Politics & Policy

Obama Judges

Courting Left.

The issue of judicial philosophy has been mostly overlooked in this campaign, but the differences between the two candidates are stark: Obama has the most left-wing position of any presidential candidate in U.S. history.

Obama has said he would appoint Supreme Court justices like Ruth Bader Ginsburg and David Souter, two of the most liberal judges ever to serve on the Court. (Before her appointment, Ginsburg had served as general counsel of the American Civil Liberties Union, and as a member of the ACLU Board of Directors.) He openly criticized Justice Clarence Thomas. He said he would never appoint someone like Justice Antonin Scalia. He voted against both Chief Justice John Roberts and Justice Sam Alito during their Senate confirmations.

McCain, by contrast, has said he would appoint justices precisely like the most recent conservative nominees, Roberts and Alito. McCain voted for Thomas during a fierce Senate fight that confirmed him 52-48. McCain also voted to confirm Scalia.

The dramatic differences between McCain and Obama on judges go all the way to the most basic questions.
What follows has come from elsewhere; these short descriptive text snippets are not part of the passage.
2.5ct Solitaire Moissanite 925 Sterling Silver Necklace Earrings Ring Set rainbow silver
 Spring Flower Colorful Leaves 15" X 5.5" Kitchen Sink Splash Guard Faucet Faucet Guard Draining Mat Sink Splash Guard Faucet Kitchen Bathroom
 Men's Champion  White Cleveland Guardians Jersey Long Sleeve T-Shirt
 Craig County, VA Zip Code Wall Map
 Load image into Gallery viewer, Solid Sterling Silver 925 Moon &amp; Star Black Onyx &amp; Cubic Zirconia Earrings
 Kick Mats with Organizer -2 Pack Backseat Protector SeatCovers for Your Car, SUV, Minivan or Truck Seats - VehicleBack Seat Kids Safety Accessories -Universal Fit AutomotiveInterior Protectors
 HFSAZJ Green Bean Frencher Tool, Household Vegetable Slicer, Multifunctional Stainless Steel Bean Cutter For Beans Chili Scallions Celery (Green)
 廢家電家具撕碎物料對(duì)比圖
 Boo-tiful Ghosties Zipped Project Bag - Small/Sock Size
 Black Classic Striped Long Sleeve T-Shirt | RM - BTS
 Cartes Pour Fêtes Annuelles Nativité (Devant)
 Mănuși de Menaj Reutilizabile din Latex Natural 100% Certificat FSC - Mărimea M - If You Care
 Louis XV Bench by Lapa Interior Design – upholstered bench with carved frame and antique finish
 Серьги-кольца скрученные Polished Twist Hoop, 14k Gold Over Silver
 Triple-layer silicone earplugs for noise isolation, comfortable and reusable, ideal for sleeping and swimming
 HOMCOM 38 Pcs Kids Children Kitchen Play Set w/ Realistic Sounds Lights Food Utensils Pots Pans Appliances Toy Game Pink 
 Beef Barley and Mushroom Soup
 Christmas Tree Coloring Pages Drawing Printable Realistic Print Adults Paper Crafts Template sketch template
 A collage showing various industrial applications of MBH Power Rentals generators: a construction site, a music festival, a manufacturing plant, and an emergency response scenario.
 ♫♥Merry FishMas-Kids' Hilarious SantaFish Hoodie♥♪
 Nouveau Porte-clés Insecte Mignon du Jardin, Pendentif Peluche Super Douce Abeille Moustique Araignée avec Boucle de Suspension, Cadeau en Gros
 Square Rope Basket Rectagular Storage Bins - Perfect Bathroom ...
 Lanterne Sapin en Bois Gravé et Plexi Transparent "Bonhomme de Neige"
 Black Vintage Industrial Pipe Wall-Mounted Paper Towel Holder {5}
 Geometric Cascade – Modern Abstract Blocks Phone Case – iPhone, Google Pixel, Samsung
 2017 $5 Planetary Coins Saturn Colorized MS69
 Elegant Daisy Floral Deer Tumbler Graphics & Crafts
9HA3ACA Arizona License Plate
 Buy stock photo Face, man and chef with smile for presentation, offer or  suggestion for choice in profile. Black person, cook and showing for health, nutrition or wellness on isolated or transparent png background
McCain has taken the conservative view (called strict constructionism) that judges should apply the law and Constitution as written. A conservative judge will do this without regard to his policy preferences. Liberal judges, by contrast, are activists who make up laws from the bench, regardless of what the written law or Constitution actually says.

Obama has said quite explicitly that judges should look at the social impact of their rulings, not just the law as written. He has said he would appoint judges who, beyond objective legal expertise, would have empathy in their rulings for an unwed pregnant teenager, or a gay man suffering from AIDS, or a homeless woman with nowhere else to turn.

These philosophical disagreements are so important because the Court’s balance hangs by a thread: It is split down the middle with four conservatives, Scalia, Thomas, Roberts, and Alito, and four liberals, Ginsburg, Souter, John Paul Stevens, and Stephen Breyer. In the middle is Justice Anthony Kennedy. Five of the Justices are over the age of 70, including Scalia and Kennedy (both 73). Fox News analyst Peter Johnson suggests that the next president is likely to make at least three appointments.

As it is now, the four conservative votes can only win when Kennedy decides to join them. If any one of these five seats is lost to a consistent liberal — and Obama is likely to appoint the most liberal judges ever — the conservatives would no longer be able to form a majority except on cases where at least one liberal joins them.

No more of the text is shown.